What is being asked:
Every line that contains the word "History" should be copied from the records below.

Given information:
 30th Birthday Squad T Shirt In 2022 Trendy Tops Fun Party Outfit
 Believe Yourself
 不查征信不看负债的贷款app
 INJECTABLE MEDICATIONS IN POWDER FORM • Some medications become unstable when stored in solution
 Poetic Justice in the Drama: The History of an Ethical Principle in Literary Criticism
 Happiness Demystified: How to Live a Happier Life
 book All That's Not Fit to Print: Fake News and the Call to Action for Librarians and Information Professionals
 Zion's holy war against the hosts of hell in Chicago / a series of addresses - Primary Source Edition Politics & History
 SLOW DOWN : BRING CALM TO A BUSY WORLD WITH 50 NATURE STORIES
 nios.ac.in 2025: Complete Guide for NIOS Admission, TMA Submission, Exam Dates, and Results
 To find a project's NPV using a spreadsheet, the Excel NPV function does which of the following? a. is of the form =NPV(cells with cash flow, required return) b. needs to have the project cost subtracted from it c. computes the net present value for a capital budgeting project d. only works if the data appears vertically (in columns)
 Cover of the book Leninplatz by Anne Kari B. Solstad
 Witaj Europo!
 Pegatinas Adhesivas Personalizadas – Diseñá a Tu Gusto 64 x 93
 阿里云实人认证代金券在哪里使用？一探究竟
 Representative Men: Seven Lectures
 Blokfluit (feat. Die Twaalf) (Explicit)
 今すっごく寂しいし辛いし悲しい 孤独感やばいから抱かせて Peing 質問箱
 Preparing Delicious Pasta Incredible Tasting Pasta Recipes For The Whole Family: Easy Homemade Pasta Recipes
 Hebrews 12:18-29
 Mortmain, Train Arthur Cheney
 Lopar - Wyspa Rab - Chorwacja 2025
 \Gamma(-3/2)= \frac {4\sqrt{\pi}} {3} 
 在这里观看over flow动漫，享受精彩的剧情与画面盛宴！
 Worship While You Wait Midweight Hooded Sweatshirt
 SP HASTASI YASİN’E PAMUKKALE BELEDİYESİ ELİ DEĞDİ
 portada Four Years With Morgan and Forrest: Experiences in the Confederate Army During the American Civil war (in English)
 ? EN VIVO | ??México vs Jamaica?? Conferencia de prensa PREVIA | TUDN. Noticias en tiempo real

Result of this exercise:
 Poetic Justice in the Drama: The History of an Ethical Principle in Literary Criticism
 Zion's holy war against the hosts of hell in Chicago / a series of addresses - Primary Source Edition Politics & History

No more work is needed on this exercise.